# trip to spain



## 90121 (May 1, 2005)

Hi, can anyone give me any info on sites that are opened in the months of Feb & March in Spain. I hoping to travel from Andora to Madrid, stop off into Portugal then travel up to Barcelona.
Be grateful of any info.
Carl


----------



## autostratus (May 9, 2005)

Try http://www.francecamping.com the web site for the Guide Bel-Air as mentioned previously in other posts.
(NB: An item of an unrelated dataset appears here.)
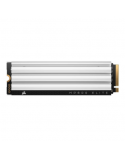 Corsair SSD | MP600 ELITE | 4000 GB | SSD form factor M.2 2280 | Solid-state drive interface PCIe Gen 4.0 x4 | Read speed 7000 MB/s | Write speed 6500 MB/s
Put 'permanent Espagne' in the search box to bring up a list of 154 campsites. The list can be further searched by using the info across the top of the list.
Clicking on 'site web' for instance gives you 13 campsites with a web site.

Alternatively
click on 'Geographique' and on the map of Europe presented, click on Spain.
The map of Spain is divided up into regions. Campsites in each region can be found by clicking on the map.
You will then have to manually search the text pertaining to each campsite. It is in French but uses a very limited vocabulary so is easy to get used to. Opening periods are given but for your purposes it is easier to look for the word 'permanent' signifying open all year.

Hope this proves useful

Gillian


----------



## 90610 (May 1, 2005)

Is there a publication (not an on-line database) that includes municipal and smaller less formal campsites in Spain? - inland especially?


----------



## Anonymous (Nov 10, 2000)

Have a look at the AA publication "Caravan and Camping in Europe", available from AA publications or most good book shops. I bought it last year and found it invaluable  

It covers 11 western European countries including Spain and Portugal with over 3,500 sites.It also contains valuable travel and safety information.

Jim


----------